Lovely dogs. Looks like she is doing all the right things with her breeding program. Nice to see......I have always liked Parti Poodles....just a little extra fun to have those lovely "decorations"!

Viking Queen


----------



## Coldbrew (Jun 17, 2015)

I've been following on Instagram since before her most recent litter was even conceived. I'm very impressed, and while I won't be needing another poodle for years, Id recommend her to anyone that is.

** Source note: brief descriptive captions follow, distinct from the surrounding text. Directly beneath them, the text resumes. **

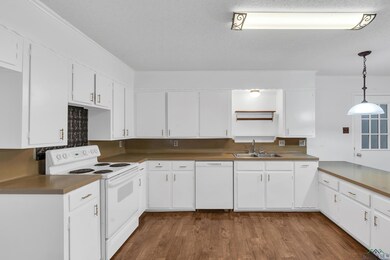 Kitchen featuring hanging light fixtures, white ca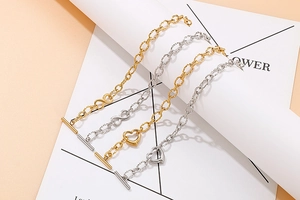 Detail of stainless steel charm bracelets with heart pendants and T-bar toggle clasp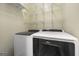 Laundry room with a modern white washer and dryer at 119 Brookgrove Ln, Peachtree City, GA 30269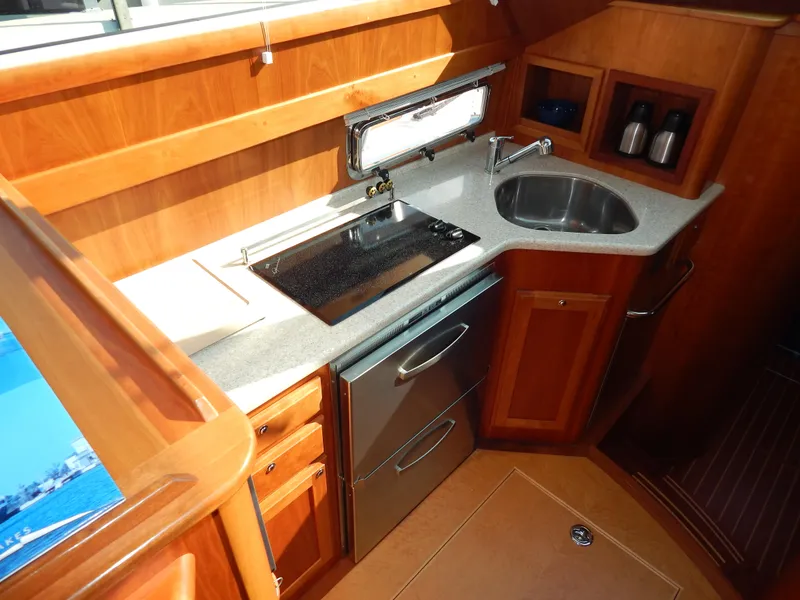 Slide: The Image of Luxurious 2010 Sabre 40 Sedan yacht kitchen with modern appliances and wooden cabinetry. - 18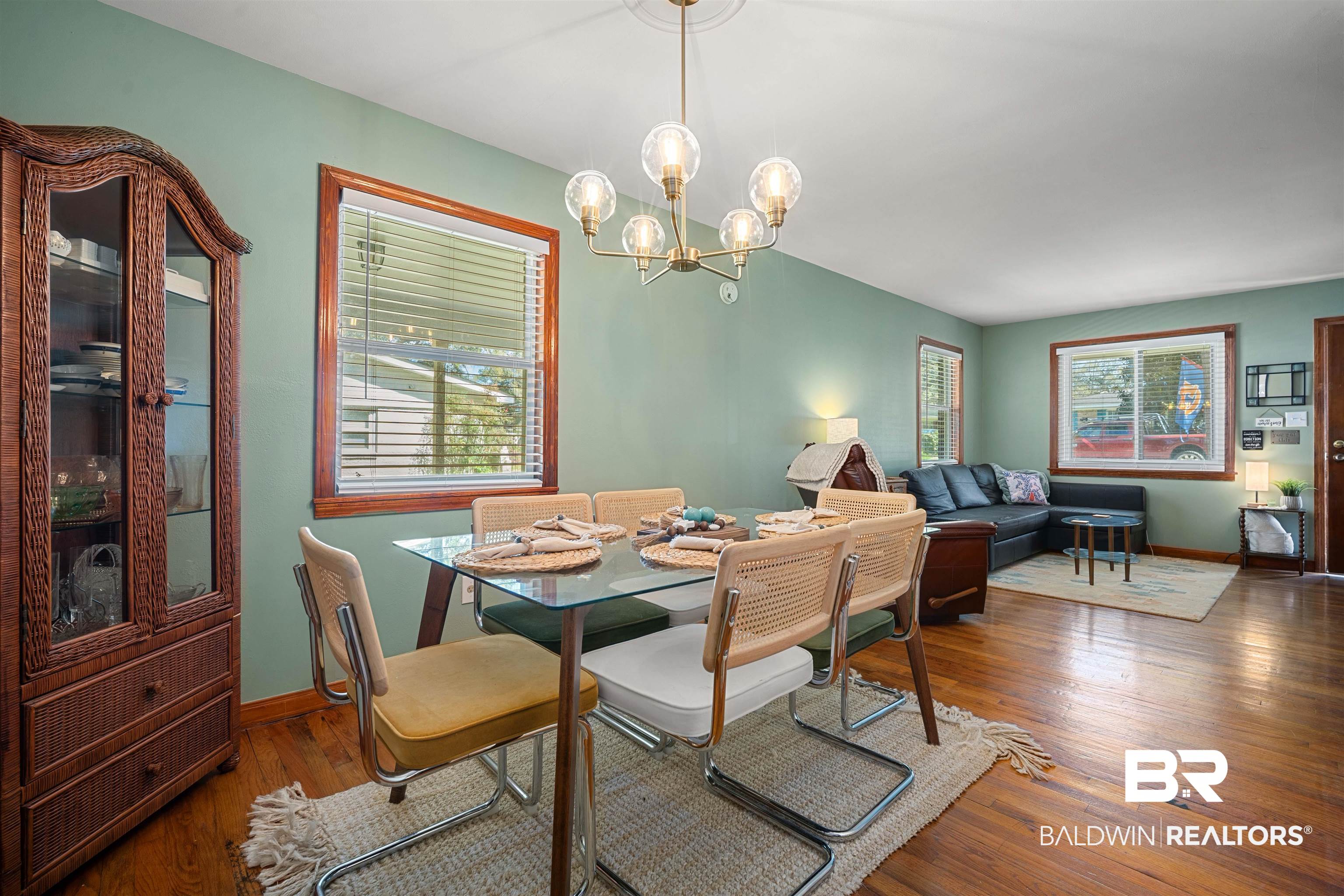 672 Tarawa Drive Mobile, AL 36609 - Photo 13 of 26 Dining space featuring hardwood / wood-style flooring and hanging lights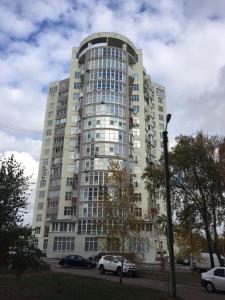 a tall building with cars parked in front of it at Apartment Alla in Chernihiv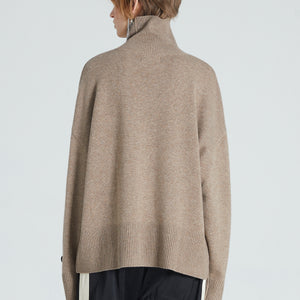 Back of woman wearing brown cashmere turtleneck. She is also wearing black trousers. 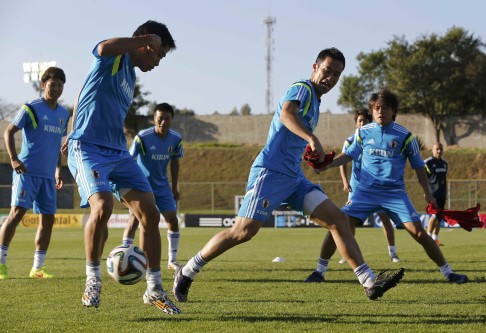 Japan players Masato Morishige (left), Shinji Kagawa, Yasuyuki Konno, Maya Yoshida and Yasuhito Endo get into a training session in the town of Itu northwest of Sao Paulo. Photo: Reuters 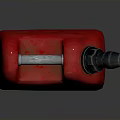 Red Plastic Jerry Can With Gray Spout And Metal Handle On Dark Surface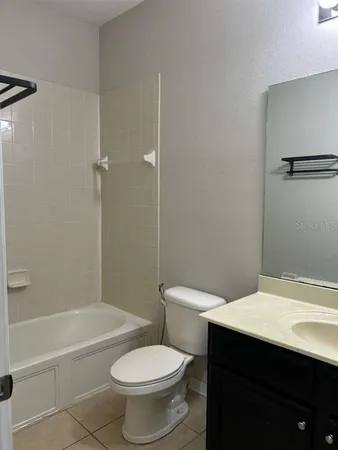 a white toilet sitting next to a bath tub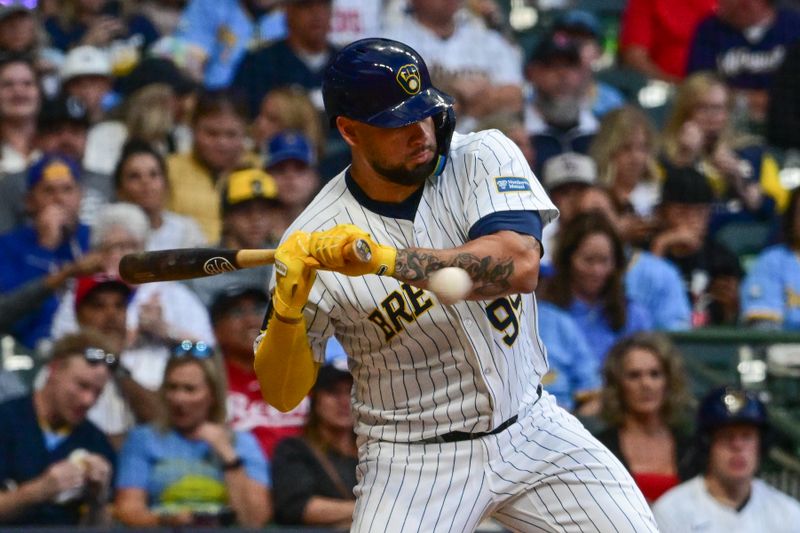 Aug 10, 2024; Milwaukee, Wisconsin, USA; Milwaukee Brewers designated hitter Gary Sanchez (99) is hit by a pitch in the seventh inning against the Cincinnati Reds at American Family Field. Mandatory Credit: Benny Sieu-USA TODAY Sports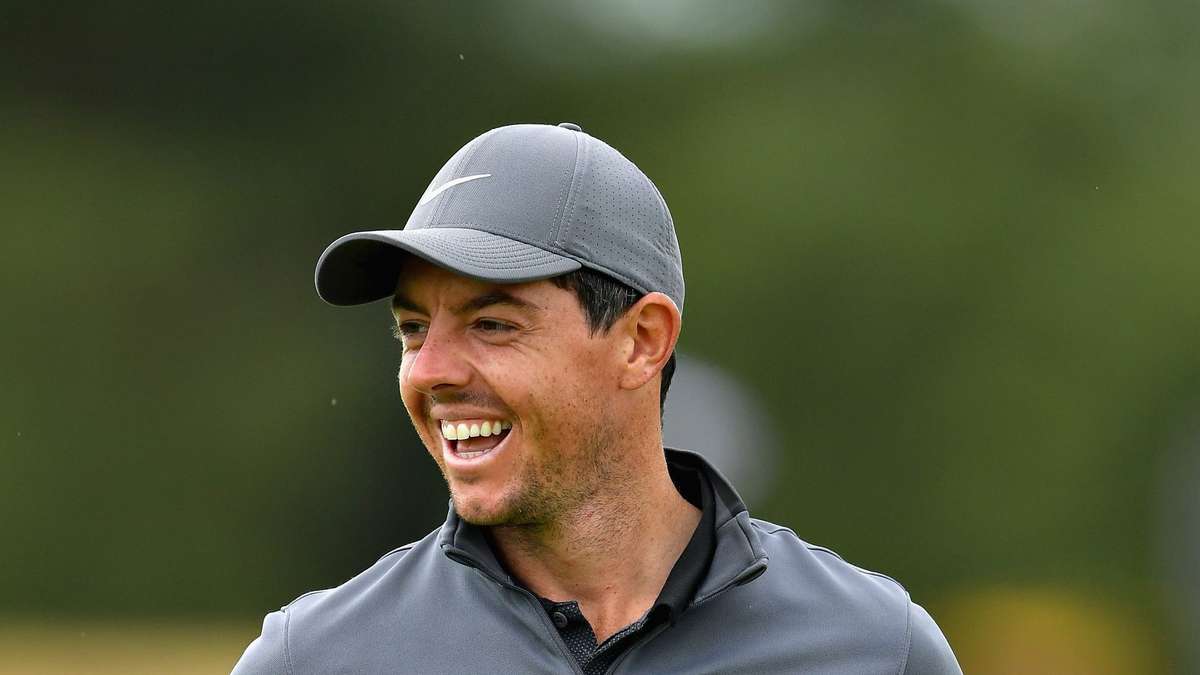 Tiger Woods hitting a long drive in the 2000s, focused expression and athletic posture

plus she just had her first litter, all parti spoos, and they are just adorable


----------



## Tiny Poodles (Jun 20, 2013)

I wish that there were Toy Parti breeders who do it right. Have not seen one yet (in this country) who does!


----------



## patk (Jun 13, 2013)

tp, dreem in indiana is advertising a toy puppy she thinks will be a blue/silver phantom. it's a boy - she does not ship. i don't know that much about her but she runs the toy/mini database and seems to hit all the marks.


----------



## Carolinek (Apr 2, 2014)

Beautiful dogs!


----------



## Locket (Jun 21, 2009)

I think this breeder has posted on the forums before. Very pretty dogs!


----------



## AgilityChick (Jul 9, 2014)

That's Bonnie! I show my Parti female in UKC conformation and see her a lot! She does seem to be off to a great start!


----------